WASHINGTON D.C. — More than 500,000 people crossed through Transportation Security Administration checkpoints on Thursday, the first time the numbers have climbed above that mark since travel cratered this spring due to the coronavirus pandemic.
The 502,209 people TSA reported screening is still well below typical levels — nearly 19% of the 2.7 million the agency screened on the same Thursday last year.
The passenger rates have steadily risen since bottoming out at about 3% of last year’s traffic — less than 100,000 daily travelers — in mid-April.
Airlines are operating more flights than at that point, and each plane is also carrying more passengers.
Airlines for America, representing the major US carriers, said Thursday that the average departure carries 57 passengers, compared to 50 the group reported Monday and fewer than 20 at the low point.
Air travel took a drastic dip this spring due to the coronavirus pandemic as government recommendations were to stay at home and avoid nonessential travel. In April, TSA and airlines reported a record 96% drop in the number of people traveling by plane.
Now that the US economy is slowly reopening and states are lifting restrictions, airlines are seeing signs that some Americans are ready to travel again, and have hopes that its summer travel season will be less dire than expected.

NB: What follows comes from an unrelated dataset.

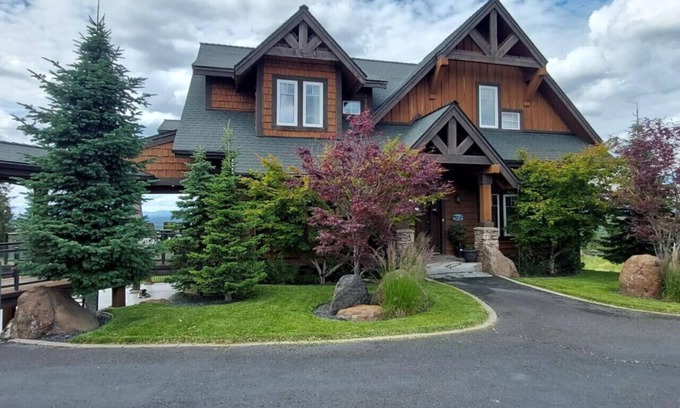 Colbert House | The Grand Getaway at Green Bluff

The Centers for Disease Control and Prevention and US State Department, however, still recommend avoiding international travel.
TSA and airlines have implemented several new policies aimed at protecting passengers and crew from coronavirus transmission.
As of May, TSA has required its employees to wear facial protection while at screening checkpoints.
The agency has also made some changes to its security screen procedures that help officers avoid handling travelers’ belongings and travelers from handling shared X-ray bins.
Some airlines have committed to screening passengers’ temperatures before boarding, leaving the middle seat empty on flights, and making masks mandatory for passengers while they’re aboard.